The novelist, lepidopterist, translator and teacher known as V N, V. Sirin, Vasily Shishkov, Vivian Dark bloom and Vladimir Nabokov would have turned 100 this Friday. The birthday party has begun without him. If he had scripted it himself, he could not have produced a better nightmare.

In his memoir, ”Speak, Memory,” Nabokov writes about ”a young chronophobiac who experienced something like panic” when he watched a home movie taken weeks before he was born. ”He saw a world that was practically unchanged — the same house, the same people — and then realized that he did not exist there at all and that nobody mourned his absence. He caught a glimpse of his mother waving from an upstairs window, and that unfamiliar gesture disturbed him, as if it were some mysterious farewell. But what particularly frightened him was the sight of a brand-new baby carriage standing there on the porch, with the smug, encroaching air of a coffin.”

If a prenatal home movie could cause such panic, think what a post-mortem birthday party could do.

Nabokov-the-ghost would see that everything had changed. His mother would not be waving, but his son, Dmitri, would be there, a large and tragic version of himself. Then Nabokov would see his biographer, his wife’s biographer, his English translator, the lawyer for his estate, the merchant selling off his library piece by piece. This time it would not be a mysterious farewell but an uncanny hello from the appreciative ghouls holding the bits of his life.

Vladimir (rhymes with redeemer) Nabokov (rhymes with the gawk of) was born on April 23, 1899, in St.

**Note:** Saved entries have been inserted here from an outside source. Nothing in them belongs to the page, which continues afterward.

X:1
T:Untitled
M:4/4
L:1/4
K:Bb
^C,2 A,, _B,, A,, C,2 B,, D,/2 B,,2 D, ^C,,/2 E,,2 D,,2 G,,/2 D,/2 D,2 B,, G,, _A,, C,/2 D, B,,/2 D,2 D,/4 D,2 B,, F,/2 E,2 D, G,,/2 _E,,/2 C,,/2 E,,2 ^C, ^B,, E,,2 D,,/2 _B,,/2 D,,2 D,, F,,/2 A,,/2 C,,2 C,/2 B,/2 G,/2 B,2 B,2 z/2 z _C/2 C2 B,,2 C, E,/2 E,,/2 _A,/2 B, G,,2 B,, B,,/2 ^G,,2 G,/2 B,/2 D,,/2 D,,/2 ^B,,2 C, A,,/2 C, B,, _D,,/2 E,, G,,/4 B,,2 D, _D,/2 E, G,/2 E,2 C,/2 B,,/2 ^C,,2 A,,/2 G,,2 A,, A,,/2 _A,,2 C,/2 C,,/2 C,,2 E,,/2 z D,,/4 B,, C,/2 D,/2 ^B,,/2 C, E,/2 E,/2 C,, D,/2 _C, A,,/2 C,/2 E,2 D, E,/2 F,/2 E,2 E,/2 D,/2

Petersburg, Russia. Last week the Nabokov centennial celebration began in New York with a Town Hall symposium sponsored by PEN American Center, The New Yorker and Vintage Books. Martin Amis (novelist), Alfred Appel (friend and interpreter), Brian Boyd (biographer), Richard Ford (novelist), Elizabeth Hardwick (critic), Dmitri Nabokov (son), Joyce Carol Oates (novelist), David Remnick (journalist), Michael Scammell (translator) and Stacy Schiff (biographer) all came to pay their respects.

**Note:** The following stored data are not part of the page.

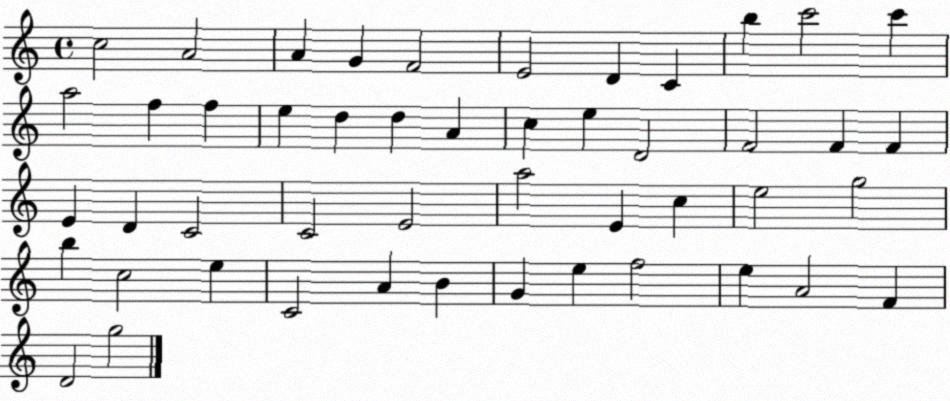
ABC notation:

X:1
T:Untitled
M:4/4
L:1/4
K:C
c2 A2 A G F2 E2 D C b c'2 c' a2 f f e d d A c e D2 F2 F F E D C2 C2 E2 a2 E c e2 g2 b c2 e C2 A B G e f2 e A2 F D2 g2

This week the celebration continues. The New York Public Library is exhibiting Nabokov’s manuscripts alongside his black-rimmed glasses, butterfly net and worn-down pencils. Glenn Horowitz Bookseller Inc. in Manhattan is showing off and selling off Nabokov’s library, including the dedication copies he inscribed to Vera, his wife, with fanciful, colorful hand-drawn butterflies. Ms. Schiff’s biography ”Vera” is coming out, with the details of a Nabokov affair with a poodle groomer. And Nabokov’s memoir, which he originally wrote in English as ”Conclusive Evidence,” then translated into Russian, then retranslated into English as ”Speak, Memory,” is being issued yet again, with Nabokov’s review of it installed as a 16th chapter.

Maybe V N would recognize the world he left in 1977, maybe not. Dmitri Nabokov, once a fast-living opera singer and race-car driver, now chastened by a near-death experience after a fiery crash and the death of his mother in 1991, has decided to devote himself to literature. He is revising his own novel about parallel lives, which has a love scene told in mathematical formulas. With his lawyer, he is fighting the American and British publication of ”Lo’s Diary,” a new novel by an Italian writer, Pia Pera, about Humbert and Lolita told from Lolita’s perspective. And he is thinking of finishing his father’s half-done novel, ”The Original of Laura,” which Nabokov asked his family to destroy.